Baggie Trousers

By SkaBaggie

Song Of My Returning

There are few things more enjoyable to a music-lover than one of your favourite artists releasing a new album, something exciting to get your teeth into when you've exhausted their back catalogue. When it's an artist who's always been an idol to you, that's even more special. When it's an idol who committed suicide in 1976, whose existing recordings were thought to have been collected and released in their entirety years ago, unearthing new stuff is nothing short of the holy grail.

If you're not already familiar with the life and work of Philip David Ochs, I posted a blip on the subject several years ago which will fill you in on the basics. To elaborate a little more here, Phil Ochs was, quite simply, the greatest topical protest singer of his generation. That's a concept which is remarkably difficult to put into proper historical perspective even for people whose iPods are chock-full of Tom Paxton and Joan Baez, and who named their first-born child Dylan You Fucking Judas. Because these days, our topical protest is rarely ever done through songs; our protest is done with the click of a mouse button, sending information, opinion and dissent across social media platforms as images, gifs, infographics, videos, listicles, blogs, or even simple status updates. But consider yourself back in a world where alternative views to those of the state and the media don't just plop effortlessly onto your wall or your timeline every day, and think carefully about how, in that society, the catchy two-minute folk song becomes the most reliable tool to spread a critical opinion of current affairs. These weren't songs intended for the ages; they were written to be shared, "forwarded", covered, performed, to reach as many ears as possible in the hope that they might change opinions. Understand this, and you'll understand the songs of Phil Ochs as the satirical political memes of their day.

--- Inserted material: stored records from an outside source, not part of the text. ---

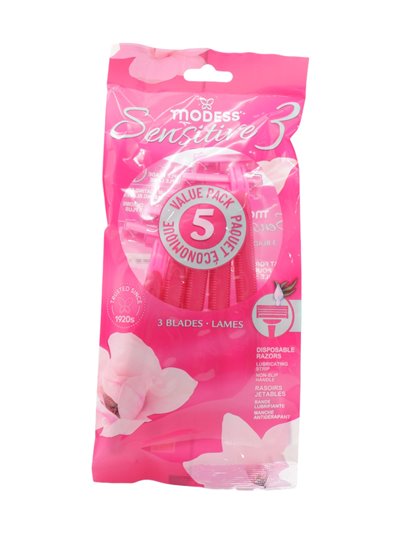 29710 - Modess Sensitive Regular Razor - 5ct - Box:  - Loc: L0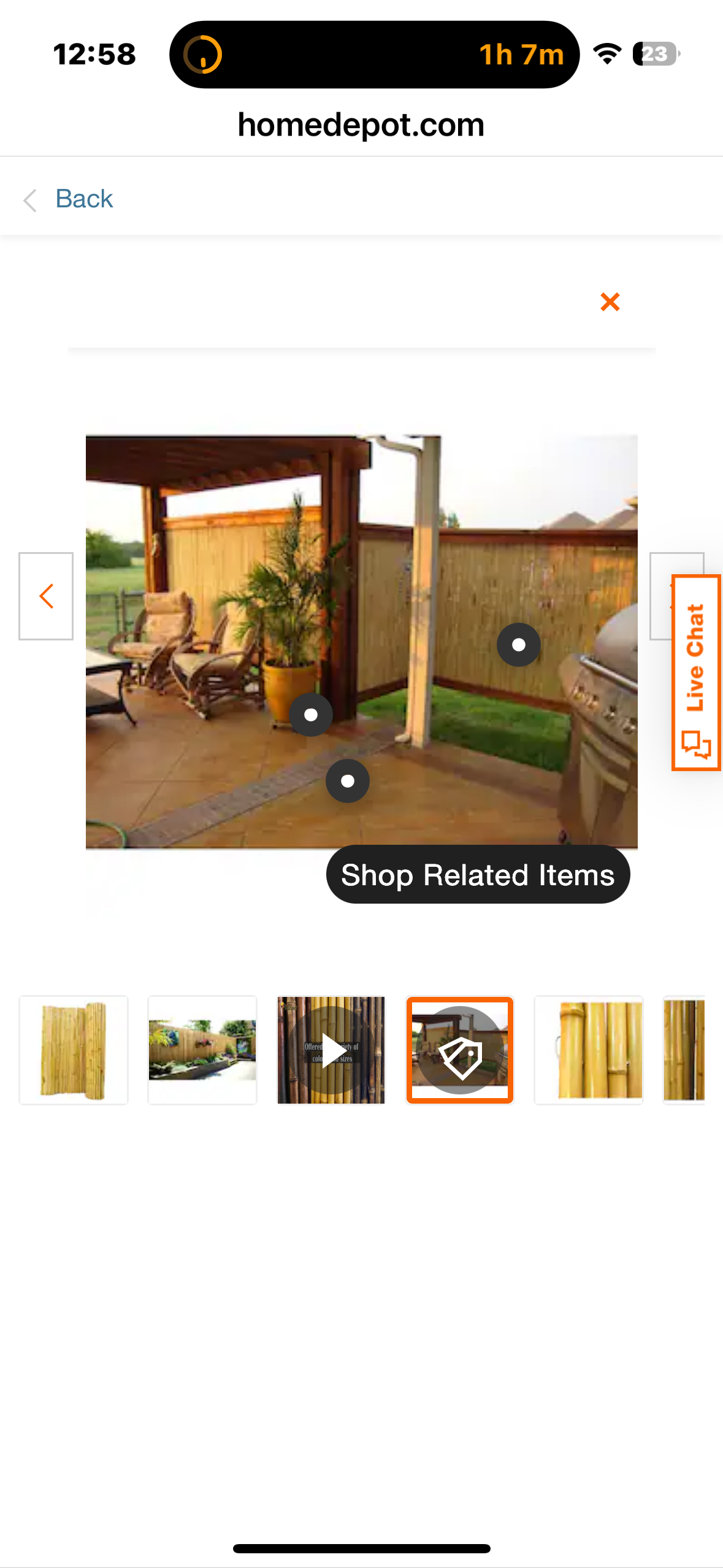 Backyard X-Scapes Natural Bamboo Fencing Decorative Rolled Fence Panel,  (1 in. D x 6 ft. H x 8 ft. Long) (G901)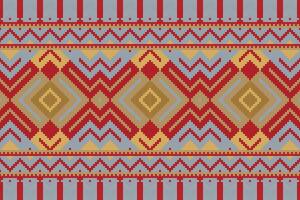 Motif Ikat Floral Paisley Embroidery Background. Ikat Triangle Geometric Ethnic Oriental Pattern Traditional. Ikat Aztec Style Abstract Design for Print Texture,fabric,saree,sari,carpet. vector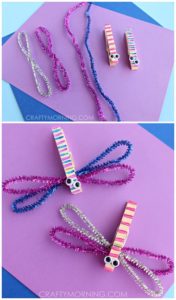 DIY Clothespin Dragon Fly Craft with Cute Googly Eyes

This "new" collection, On My Way, is a demo session recorded in Florida in April 1963, when Ochs had established himself as a very popular singer on the New York folk scene, but before he'd secured his first recording contract. Some songs were later to end up on his first album (Lou Marsh, The Ballad Of William Worthy, The Power & The Glory, Talking Cuban Crisis); some he'd already recorded sketchy versions of for Broadside magazine, or later provided more polished versions of for other demo collections (The AMA Song, Paul Crump, The Ballad Of Alferd Packer) but some are unique to this collection, and worth the price alone. Aside from the glimpse of how some of his more established songs evolved between their inception and their final recordings, you can see how quickly Phil took stories from the newspapers and turned them into ballads - one event he references during this recording had only happened a fortnight earlier - and the more playful, self-deprecatory side of his art as he plays a disgraced Soviet apparatchik singing the blues in Once I Lived The Life Of A Commissar. There's even room for a fresh chapter in his playful (at this point) rivalry with Greenwich Village's most notorious troubadour, on the song Bobby Dylan Record. Even as Ochs sang, Dylan was busy putting the finishing touches on his landmark second album The Freewheelin' Bob Dylan, which would be released the following month, and their rivalry would become increasingly bitter and tilt into outright enmity until an awkward reconciliation shortly before Phil's suicide.

But all of those painful struggles were still to come. During this session, Phil Ochs was at his very best: his sound more honed than on earlier Broadside recordings, and yet more earnest and sincere than on later demos following his brushes with commercial success. On My Way may be the very last time we get to hear any Phil Ochs songs for the very first time, but as finishing touches go, it's captivating.